The first title I played for him was one called "Lush Life" by John Coltrane. Since I know nothing about jazz, I guessed from the title that it must be some sort of ballad about being an alcoholic. But it actually sounded pretty good to my ears, and I didn't even feel a need to run out an purchase a white polyester leisure suit.

So after it was done, I asked him what he thought. He was very polite, but eventually said he thought it wasn't as good as the CD, and inferior to the initial pressing. I then told him it wasn't an mp3, and that it was, in fact, "high resolution." I explained to him what that meant, and got the predictable response, but in addition, he suggested I do a Fourier transform on it to see what was going on. (We both do X-ray crystallography, so this isn't an unnatural suggestion.) I found some GPL software called Audacity on line and downloaded and installed it, and proceeded to show him what the file looked like. To my surprise, here is what it looked like:

LushLife.png


The larger image shows the Fourier of the left and right channel to 48kHz, which is the upper limit imposed by Nyquist for 96kHz sampling in the case of this high resolution file. Both this and the accompanying inset (which you can think of as a cross-section of one of the channels) show that there is very little information beyond about 22 kHz, which is the frequency limit imposed on CDs and mp3s. In other words, there was no significant high resolution information present in the file.

One could object that this is irrelevant, simply because even a child's hearing won't go above 20kHz, but that is only part of the story. The reason you might want to have higher-frequency information present is to avoid having a brick-wall cutoff imposed at ~22kHz, which can produce audible aliasing artifacts and Fourier truncation artifacts, among other problems. Besides, I paid a premium for those files, above and beyond the cost of a CD, to have that higher-frequency data present, even if only my dog can appreciate it.

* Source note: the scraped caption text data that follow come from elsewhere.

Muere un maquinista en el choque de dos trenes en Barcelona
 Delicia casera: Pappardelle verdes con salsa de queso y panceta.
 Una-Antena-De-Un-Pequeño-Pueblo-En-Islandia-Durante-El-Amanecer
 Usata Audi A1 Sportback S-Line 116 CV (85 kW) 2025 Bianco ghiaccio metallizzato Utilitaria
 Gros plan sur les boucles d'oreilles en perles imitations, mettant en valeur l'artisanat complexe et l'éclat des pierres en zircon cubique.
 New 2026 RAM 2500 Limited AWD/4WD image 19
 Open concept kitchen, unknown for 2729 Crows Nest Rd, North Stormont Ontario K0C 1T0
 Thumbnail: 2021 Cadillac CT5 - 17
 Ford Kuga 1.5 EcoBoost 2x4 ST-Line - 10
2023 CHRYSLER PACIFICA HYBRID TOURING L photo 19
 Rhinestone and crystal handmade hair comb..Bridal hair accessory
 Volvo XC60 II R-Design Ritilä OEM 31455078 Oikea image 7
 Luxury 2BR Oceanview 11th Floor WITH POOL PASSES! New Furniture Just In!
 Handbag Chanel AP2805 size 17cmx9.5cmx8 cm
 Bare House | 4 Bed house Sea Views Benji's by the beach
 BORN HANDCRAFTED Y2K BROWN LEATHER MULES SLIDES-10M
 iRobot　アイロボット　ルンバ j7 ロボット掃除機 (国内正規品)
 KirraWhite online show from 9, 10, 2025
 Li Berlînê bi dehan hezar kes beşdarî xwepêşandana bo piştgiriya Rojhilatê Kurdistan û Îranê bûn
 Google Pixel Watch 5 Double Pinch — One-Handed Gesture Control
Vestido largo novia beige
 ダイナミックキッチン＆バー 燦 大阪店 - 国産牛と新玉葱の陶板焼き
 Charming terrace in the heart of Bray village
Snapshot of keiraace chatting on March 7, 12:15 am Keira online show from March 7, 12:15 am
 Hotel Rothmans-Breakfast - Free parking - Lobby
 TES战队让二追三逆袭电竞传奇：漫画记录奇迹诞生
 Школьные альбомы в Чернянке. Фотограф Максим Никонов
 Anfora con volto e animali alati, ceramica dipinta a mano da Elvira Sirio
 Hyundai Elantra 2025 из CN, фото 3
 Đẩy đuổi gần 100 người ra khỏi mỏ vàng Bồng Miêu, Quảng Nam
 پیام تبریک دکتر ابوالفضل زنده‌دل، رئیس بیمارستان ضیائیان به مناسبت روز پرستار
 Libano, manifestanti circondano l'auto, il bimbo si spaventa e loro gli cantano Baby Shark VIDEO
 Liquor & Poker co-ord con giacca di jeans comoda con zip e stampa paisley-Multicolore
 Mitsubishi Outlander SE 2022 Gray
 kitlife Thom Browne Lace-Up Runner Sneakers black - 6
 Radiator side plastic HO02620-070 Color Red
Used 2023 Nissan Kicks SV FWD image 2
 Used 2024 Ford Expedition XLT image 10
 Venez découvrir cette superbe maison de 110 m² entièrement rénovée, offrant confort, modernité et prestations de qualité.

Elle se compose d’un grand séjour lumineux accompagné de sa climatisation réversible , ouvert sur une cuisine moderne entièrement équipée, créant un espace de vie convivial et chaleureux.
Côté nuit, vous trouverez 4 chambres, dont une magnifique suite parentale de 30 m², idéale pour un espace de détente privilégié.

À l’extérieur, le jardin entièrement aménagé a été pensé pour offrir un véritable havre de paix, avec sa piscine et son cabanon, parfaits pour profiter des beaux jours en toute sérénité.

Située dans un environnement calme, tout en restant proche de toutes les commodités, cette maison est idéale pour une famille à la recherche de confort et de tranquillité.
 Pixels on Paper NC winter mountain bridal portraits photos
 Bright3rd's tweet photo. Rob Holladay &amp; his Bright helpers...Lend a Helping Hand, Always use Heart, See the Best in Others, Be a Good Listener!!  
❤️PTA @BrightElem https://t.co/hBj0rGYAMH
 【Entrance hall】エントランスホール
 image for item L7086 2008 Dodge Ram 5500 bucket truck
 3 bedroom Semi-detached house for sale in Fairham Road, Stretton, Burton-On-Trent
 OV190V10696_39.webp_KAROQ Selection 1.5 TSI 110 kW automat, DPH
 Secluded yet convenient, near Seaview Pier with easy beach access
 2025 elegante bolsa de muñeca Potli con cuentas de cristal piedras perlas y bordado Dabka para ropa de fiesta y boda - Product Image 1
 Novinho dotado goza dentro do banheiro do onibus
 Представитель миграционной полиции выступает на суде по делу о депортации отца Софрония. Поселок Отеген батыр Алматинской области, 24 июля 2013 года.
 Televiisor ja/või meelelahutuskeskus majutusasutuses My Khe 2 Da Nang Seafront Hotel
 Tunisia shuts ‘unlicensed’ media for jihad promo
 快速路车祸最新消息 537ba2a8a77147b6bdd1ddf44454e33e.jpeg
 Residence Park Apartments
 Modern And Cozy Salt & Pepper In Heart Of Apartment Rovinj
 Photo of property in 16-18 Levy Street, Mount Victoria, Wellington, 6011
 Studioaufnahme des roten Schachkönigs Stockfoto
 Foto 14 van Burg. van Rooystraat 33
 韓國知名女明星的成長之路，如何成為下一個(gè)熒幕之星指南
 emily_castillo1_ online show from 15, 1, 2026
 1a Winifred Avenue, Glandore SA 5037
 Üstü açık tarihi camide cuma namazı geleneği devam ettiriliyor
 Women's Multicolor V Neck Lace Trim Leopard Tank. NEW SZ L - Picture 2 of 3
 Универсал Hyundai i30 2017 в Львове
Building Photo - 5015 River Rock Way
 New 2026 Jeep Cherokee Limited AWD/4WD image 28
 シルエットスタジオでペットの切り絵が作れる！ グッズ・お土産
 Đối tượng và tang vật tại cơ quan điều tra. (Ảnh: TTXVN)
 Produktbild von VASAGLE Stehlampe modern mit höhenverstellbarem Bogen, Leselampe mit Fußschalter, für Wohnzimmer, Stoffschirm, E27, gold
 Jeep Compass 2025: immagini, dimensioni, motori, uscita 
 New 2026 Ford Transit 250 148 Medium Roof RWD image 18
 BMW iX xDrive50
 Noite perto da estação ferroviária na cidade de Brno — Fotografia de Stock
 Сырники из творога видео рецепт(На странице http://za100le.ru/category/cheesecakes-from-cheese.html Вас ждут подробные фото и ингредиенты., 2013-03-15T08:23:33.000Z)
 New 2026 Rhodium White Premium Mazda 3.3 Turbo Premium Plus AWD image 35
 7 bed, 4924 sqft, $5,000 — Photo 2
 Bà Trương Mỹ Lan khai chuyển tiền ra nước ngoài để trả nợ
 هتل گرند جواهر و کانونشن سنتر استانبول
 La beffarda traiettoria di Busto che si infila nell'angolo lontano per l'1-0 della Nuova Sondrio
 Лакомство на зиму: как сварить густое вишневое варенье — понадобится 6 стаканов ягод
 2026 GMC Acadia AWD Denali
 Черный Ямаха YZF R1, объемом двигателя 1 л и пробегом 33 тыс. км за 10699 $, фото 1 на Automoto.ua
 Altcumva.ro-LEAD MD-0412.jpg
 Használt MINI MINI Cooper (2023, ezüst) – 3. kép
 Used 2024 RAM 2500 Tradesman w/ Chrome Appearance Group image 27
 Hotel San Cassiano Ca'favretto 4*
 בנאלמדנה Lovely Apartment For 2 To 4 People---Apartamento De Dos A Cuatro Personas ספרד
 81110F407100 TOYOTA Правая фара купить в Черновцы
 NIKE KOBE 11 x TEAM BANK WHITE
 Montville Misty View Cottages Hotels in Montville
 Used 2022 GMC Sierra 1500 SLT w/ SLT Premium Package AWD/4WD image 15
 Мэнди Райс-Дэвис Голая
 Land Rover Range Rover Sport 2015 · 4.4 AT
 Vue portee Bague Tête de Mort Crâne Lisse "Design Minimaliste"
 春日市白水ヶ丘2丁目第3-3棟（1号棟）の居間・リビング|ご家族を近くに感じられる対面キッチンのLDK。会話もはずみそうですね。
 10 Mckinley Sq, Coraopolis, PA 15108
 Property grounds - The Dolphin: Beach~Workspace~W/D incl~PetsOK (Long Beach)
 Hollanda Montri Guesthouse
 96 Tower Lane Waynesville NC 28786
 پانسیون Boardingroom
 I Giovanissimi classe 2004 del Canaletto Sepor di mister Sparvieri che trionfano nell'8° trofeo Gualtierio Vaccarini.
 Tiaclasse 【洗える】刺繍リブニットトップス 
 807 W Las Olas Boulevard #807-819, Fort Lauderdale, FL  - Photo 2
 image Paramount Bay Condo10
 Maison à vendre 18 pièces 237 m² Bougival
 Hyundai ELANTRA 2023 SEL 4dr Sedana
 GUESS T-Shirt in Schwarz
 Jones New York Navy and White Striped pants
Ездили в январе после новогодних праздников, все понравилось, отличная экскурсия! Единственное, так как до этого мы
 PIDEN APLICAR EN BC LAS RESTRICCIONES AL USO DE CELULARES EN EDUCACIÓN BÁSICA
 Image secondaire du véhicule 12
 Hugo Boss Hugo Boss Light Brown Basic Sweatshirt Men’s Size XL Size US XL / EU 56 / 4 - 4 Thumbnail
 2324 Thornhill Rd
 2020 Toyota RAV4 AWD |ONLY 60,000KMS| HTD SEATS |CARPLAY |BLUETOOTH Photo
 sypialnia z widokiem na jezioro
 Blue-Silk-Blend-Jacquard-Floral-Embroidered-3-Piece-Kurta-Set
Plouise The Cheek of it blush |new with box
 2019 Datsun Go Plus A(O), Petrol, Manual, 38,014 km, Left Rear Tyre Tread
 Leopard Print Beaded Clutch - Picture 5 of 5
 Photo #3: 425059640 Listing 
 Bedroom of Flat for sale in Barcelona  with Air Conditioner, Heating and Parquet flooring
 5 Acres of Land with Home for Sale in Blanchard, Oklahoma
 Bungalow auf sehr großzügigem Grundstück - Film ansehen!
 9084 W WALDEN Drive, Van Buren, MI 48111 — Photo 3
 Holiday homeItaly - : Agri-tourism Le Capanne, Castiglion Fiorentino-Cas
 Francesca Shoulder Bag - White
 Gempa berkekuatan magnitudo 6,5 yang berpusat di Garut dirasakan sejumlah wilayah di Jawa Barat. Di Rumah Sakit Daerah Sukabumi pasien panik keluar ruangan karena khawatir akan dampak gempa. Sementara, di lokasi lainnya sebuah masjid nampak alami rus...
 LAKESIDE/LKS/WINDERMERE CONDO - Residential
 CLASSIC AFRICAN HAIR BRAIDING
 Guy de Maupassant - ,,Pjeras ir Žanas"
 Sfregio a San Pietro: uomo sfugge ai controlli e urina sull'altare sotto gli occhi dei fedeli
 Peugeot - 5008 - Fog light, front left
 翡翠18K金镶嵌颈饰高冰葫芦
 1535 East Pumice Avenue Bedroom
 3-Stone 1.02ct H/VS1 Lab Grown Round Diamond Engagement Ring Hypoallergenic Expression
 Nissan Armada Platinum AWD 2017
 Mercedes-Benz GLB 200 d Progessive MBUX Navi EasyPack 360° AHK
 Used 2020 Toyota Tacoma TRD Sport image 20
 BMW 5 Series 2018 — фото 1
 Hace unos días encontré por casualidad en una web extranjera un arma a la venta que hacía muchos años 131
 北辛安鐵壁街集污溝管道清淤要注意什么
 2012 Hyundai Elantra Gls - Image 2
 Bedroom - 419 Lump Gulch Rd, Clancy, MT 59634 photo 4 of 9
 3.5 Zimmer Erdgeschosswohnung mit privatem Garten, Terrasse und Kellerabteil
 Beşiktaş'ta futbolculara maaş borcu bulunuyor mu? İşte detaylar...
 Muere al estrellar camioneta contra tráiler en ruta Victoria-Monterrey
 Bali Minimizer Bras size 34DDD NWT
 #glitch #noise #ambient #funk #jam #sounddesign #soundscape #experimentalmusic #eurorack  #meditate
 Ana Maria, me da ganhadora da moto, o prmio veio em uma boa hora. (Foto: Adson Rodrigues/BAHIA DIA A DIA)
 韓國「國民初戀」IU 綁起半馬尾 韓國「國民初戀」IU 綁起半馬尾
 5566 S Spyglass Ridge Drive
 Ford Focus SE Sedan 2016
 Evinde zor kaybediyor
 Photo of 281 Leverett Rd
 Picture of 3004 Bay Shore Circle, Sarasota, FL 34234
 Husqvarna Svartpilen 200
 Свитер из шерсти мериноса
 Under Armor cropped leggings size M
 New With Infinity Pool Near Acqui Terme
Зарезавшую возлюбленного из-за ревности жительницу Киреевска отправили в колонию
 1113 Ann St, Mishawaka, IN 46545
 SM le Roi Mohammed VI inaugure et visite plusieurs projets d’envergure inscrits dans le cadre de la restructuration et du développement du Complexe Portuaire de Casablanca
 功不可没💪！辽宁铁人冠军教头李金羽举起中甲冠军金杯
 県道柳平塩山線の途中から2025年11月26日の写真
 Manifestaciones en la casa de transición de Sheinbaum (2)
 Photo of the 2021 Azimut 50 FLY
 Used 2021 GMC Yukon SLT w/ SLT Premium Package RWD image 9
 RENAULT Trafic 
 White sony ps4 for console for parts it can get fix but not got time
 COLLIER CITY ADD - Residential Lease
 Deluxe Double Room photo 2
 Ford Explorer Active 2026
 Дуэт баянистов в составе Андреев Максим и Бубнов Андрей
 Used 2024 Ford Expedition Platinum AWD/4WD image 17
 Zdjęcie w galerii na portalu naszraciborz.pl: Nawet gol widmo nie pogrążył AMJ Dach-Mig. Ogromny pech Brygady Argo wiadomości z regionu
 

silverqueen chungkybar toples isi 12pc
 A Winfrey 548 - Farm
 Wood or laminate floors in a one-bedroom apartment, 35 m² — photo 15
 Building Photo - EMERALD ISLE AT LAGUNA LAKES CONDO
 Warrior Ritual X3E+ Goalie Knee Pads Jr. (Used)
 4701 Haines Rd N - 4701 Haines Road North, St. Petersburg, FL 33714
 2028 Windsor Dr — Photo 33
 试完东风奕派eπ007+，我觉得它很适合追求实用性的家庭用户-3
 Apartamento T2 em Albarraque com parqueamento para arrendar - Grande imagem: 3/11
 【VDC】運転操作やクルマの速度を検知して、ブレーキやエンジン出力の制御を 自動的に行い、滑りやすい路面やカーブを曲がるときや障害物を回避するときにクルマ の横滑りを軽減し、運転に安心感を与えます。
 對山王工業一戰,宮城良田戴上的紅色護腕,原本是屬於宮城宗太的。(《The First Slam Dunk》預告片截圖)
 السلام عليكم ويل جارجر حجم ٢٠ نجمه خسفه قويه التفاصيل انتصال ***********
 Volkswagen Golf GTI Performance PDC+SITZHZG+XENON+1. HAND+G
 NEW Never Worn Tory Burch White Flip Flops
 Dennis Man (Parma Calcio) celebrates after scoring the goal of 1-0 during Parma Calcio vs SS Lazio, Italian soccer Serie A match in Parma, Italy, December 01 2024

I complained to the vendor, as did apparently a number of others, and they pulled the title and offered me another download for free, so at least they tried to make it right after the fact. I very much appreciate that.

The problem is that this kind of thing happens fairly frequently, and is not limited to any single vendor. I've even encountered it on some of Neil Young's stuff. (I presume a vocal advocate of high res music wouldn't knowingly do that.)

Here's a few other highlights I have found (to pick from about 30 examples I have personally experienced). This is common enough that I hesitate to purchase high–res music now, without seeing the data.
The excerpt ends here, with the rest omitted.